Peter Scheiber was a classically trained musician and audio engineer. He was considered to be the originator of multichannel matrix audio formats, a mathematical formula used to convert four audio channels into two and back again.

Scheiber was also the inventor of the 360-degree spatial decoder. Like Lou Dorren, Scheiber was an early pioneer of multi-channel sound. It has been written that Scheiber pioneered the surround sound technology that is used in theaters today and referred to as Dolby Surround.

In matrix quadraphonic systems four channels are converted (encoded) down to two channels. These two matrixed channels are recorded onto tape or vinyl record. Reproduction occurs via a two-channel stereo transmission medium - in most cases a vinyl record - these are decoded back to four channels and reproduced via four loudspeakers.

==Musician==
Scheiber, an Oberlin College music graduate, obtained a full scholarship to study with the first-chair players of the Boston Symphony at Tanglewood.
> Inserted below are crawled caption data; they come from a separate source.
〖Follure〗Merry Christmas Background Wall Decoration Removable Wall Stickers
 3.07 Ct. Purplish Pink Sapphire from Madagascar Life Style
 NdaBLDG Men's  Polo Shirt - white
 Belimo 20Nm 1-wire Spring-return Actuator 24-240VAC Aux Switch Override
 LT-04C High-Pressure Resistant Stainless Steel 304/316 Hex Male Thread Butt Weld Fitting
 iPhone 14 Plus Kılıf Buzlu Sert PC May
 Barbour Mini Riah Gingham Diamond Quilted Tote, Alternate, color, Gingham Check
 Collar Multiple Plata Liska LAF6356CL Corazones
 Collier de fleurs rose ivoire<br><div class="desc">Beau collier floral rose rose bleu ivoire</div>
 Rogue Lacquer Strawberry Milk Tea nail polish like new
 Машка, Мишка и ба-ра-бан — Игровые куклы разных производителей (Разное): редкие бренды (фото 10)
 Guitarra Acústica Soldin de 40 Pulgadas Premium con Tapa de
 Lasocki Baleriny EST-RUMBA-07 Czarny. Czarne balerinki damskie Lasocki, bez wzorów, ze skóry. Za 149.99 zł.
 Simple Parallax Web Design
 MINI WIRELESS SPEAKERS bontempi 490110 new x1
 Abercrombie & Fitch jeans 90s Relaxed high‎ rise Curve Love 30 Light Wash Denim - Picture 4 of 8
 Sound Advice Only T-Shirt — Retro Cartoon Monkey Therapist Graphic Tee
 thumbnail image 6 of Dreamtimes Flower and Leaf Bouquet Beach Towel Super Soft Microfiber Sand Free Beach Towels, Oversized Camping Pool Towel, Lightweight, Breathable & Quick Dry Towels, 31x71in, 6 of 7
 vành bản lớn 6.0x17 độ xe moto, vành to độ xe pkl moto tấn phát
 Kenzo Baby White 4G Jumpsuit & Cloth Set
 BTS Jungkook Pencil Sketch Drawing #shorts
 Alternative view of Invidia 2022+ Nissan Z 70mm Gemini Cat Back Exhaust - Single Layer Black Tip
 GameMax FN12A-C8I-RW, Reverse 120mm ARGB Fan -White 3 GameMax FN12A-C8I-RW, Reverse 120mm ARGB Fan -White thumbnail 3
He was 22 years of age when he got to study with Chicago Symphony's first bassoonist. He also played first-chair in the Chicago Chamber Orchestra. During his professional career, he played with the Ottawa Philharmonic and Dallas Symphony orchestras. Around 1977 his bassoon was stolen from the trunk of his car and according to the May 2007 article in Indianapolis Monthly and he never replaced it. Also later being called on to play there would be reasons not to play such as a missing reed or music.

==Audio career==
Peter Scheiber was born in Croton-on-Hudson in New York in 1935. He grew up in Peekskill. From an early age, passionate about music and technology, he had a workbench in his bedroom for experimenting with his gadgets. He later earned a scholarship at Tanglewood Music Center and played with the Chicago Symphony. Later, as a professional, he was a member of orchestras in Ottawa and Texas.

In 1967 Scheiber, then a 32-year-old bassoonist, came up with the idea of encoding four channels of sound in two channels and decoding them back to four. He sold a patent license to CBS.

Peter Scheiber would eventually take legal action against Dolby Laboratories and Dolby Laboratories Licensing Corp for infringement of his patents.

During his career he worked with Jim Fosgate of Fosgate Electronics and Tate surround technology.
==Legal battle==
As of October 2003, the 68-year-old Sheiber had more or less become a recluse for eight years due to his legal battle with Dolby Laboratories. This was over Dolby's development of a surround sound system for motion picture industry which was based on his invention. After some difficulties, he was able to secure some royalty payments from Dolby and Harman International which lasted from 1983 to late 1994. He received over a million dollars. The companies eventually stopped paying Scheiber as they claimed that the patents had expired and he wasn't due any more money. In June 2002, Seventh Circuit Appeals Judge Richard Posner ruled against him, which was his biggest defeat.

Scheiber was upset that Dolby and others were making millions from the technology he pioneered.